Desert Isle Keeper
The first time I read Bliss, I was absolutely intoxicated by it. It absorbed me and kept me completely in its power. For a whole two days all I did was eat, sleep, dream, breathe Bliss. I read it over and over, wondering each time that it should so affect me. Because by any measure this book should not have worked for me. The hero is a washed-up artistic genius who never met a drug he didn’t like, and the heroine is a materialistic, ambitious upstart of a little thing who thumbs her nose at society’s strictures. But somehow it worked. It really worked.
Hannah Van Evan is a woman with a sordid past. It is entirely necessary for her to leave Miami because, due to some rather scandalous behavior, she has become known as Miss Seven-Minutes-of-Heaven. She applies for a job as an assistant to Mrs. Amelia Besom, an American antiques and arts appraiser who is going to Europe to search for finds. They wind up at a ramshackle estate in rural France, and Hannah is intrigued by the owner’s warning to stay away from a certain cottage.
Nardi de Saint Vallier comes from a blue-blooded family, has had every advantage given to him, and is possessed of a most spectacular talent. An acclaimed sculptor, he has been feted by all of Europe. And then a few years ago some of his pieces were not so well received. He did not take the criticism constructively and went on a bender that has included every intoxicating substance known to man. At the start of the story he has not been sober in a good long time, and his current escape of choice is drinking ether. His family has become concerned.
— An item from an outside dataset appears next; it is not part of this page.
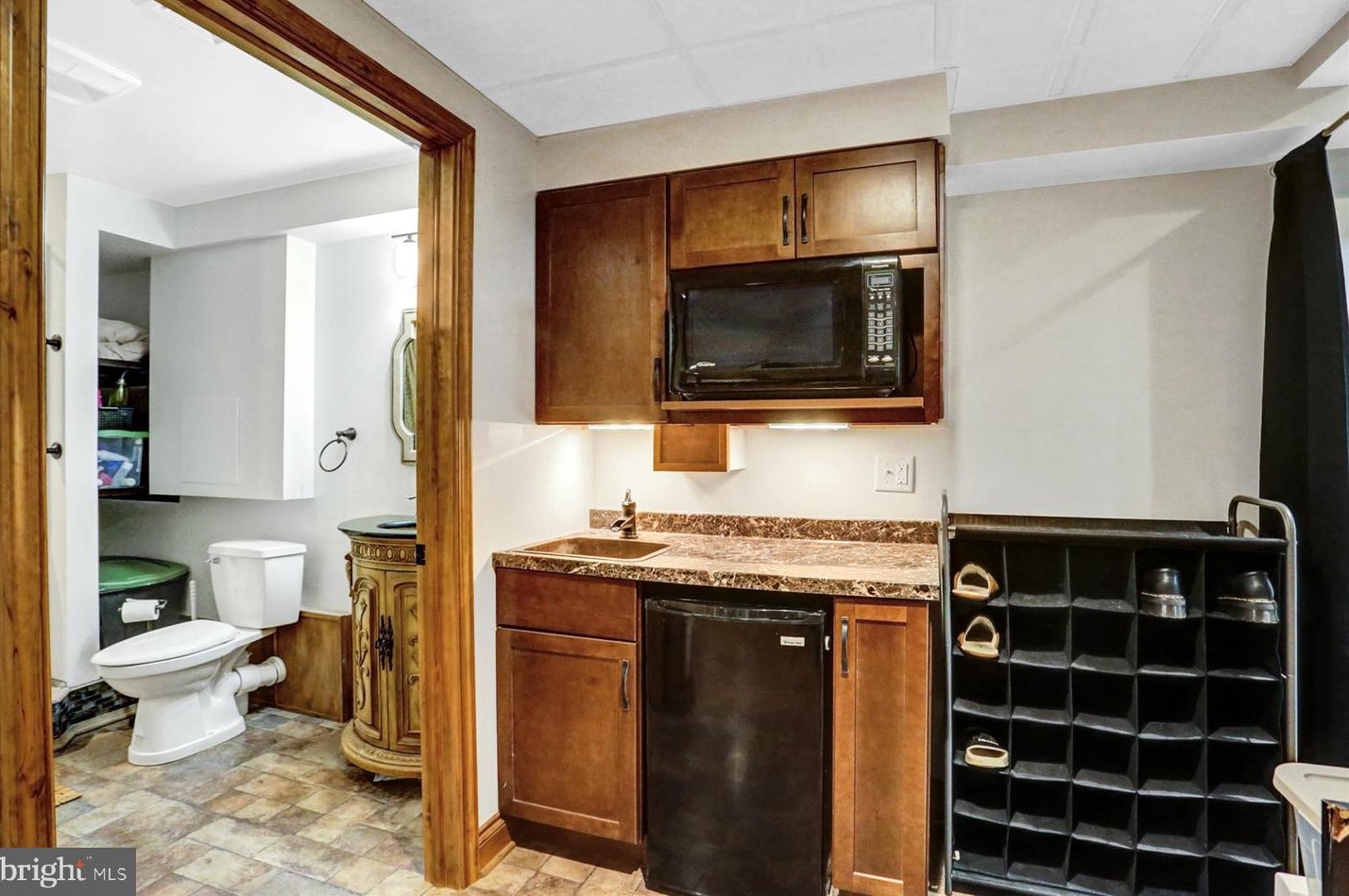 18 Arlington Dr, Carlisle PA 17015-3192 exterior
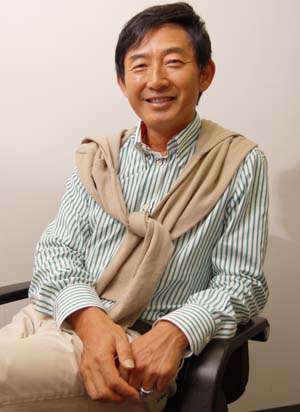 東尾理子、第二子妊娠へ決意の断乳「高齢出産のリスク考え」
Due to some rather fancy Saint Vallier maneuvering, Nardi finds himself imprisoned in a cottage on the ancestral estate, engaged to the daughter of a wealthy industrialist, and denied any contact with artificial stimulants. He has been the subject of a proto-intervention, and he is none too happy about it. So when Hannah stumbles curiously into his lair, he tries to charm her into giving him what he wants: ether first, and then, s’il vous plait, Hannah herself.
I have to tell you that I was very, very prepared to dislike Nardi. He’s such a mess and so terribly unrepentant about his own chaos. When we meet him first he’s barfing into a grand piano at a party. He is a liar and a manipulator whose only enjoyment is telling his brother/jailor Sebastien where he can go. So how did Cuevas make him sympathetic? By making him sexy as hell, charming as the day is long, and entirely aware of all his own flaws. Nardi has no illusions about himself. He knows he’s a screw-up and far too sensitive. He just doesn’t know how to do anything about it. And he’s so anesthetized that he doesn’t care anymore about anything. Until Hannah shows up and reminds him about life and hope and beauty.
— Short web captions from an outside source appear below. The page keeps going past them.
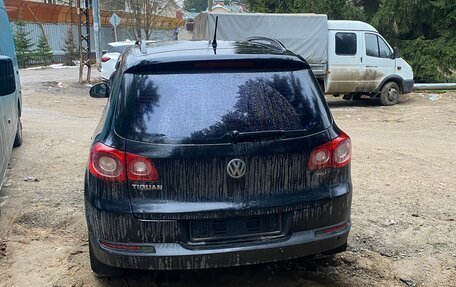 Volkswagen Tiguan I, 2010 год, 569 000 рублей, 2 фотография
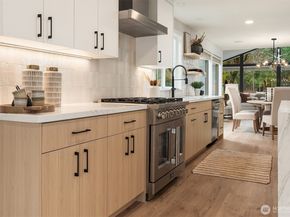 14020 NE 62nd Street, Redmond WA 98052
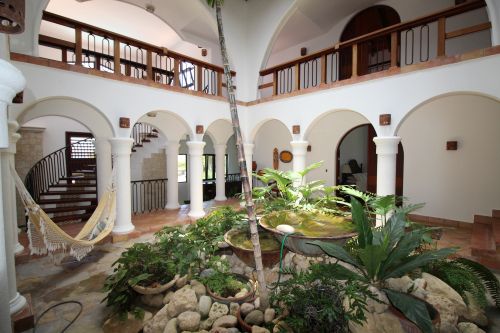 #4 Mansion with 6 Bedrooms and over 11000 sq ft living area Sosua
And Hannah is flawed and fully human too. She wants to be rich and successful, and so is highly ambitious. She is quite impressed with the Saint Vallier chateau, more impressed with it at times than she is with Nardi. I found this perversely refreshing. When was the last time you read about a heroine who wanted the money? Who was impressed with beautiful things? Hannah’s inclinations may not be noble, but they are human, and by making her characters so flawed, Cuevas also makes them so real.
And there were so many other things that I liked about Bliss. The setting is highly original and very atmospheric. The crumbling chateau, filled with priceless treasures, both the source of great family pride and great family embarrassment, looms metaphorically in the background, half a character in and of itself. Its presence and condition affects all of the characters’ decisions. The only one not obsessed with its vast potential, appropriately, is Nardi. I became half-obsessed with it myself. Where is it, Judy? Do they give regular tours in the summertime?
Two more highlights: the writing quality here is superior to just about anything I’ve read in romance. It’s textured and tactile; you can feel every aspect of a summer evening in France, a woman’s complicated clothing cage, a man’s soft ether stupor. And finally, Sebastien, Nardi’s brother is probably the most rounded villain I’ve ever come across. Every smug, controlling behavior he exhibits he truly does out of a perverse love and concern for his brother. He hurts Nardi and Hannah, but it’s impossible to hate him because he’s trying so hard to make everything better. You can read about him in his story, Dance.
The only quibble I have about this book is the ending. It seems rushed. Cuevas goes into great detail about the obstacles to Hannah’s and Nardi’s relationship, and then sort of sweeps them away at the end in one dramatic scene. I would have preferred a more resolved finish. I would have liked for Hannah and Nardi to honestly confront their problems together instead of separately with a grande finale.
But this is a minor quibble. For the many above reasons, Bliss is one of my all-time favorite reads, truly a Desert Isle Keeper. If you’re looking for a fantastic story with fully-fleshed characters in a fascinating setting, search no further. Find a copy of this book.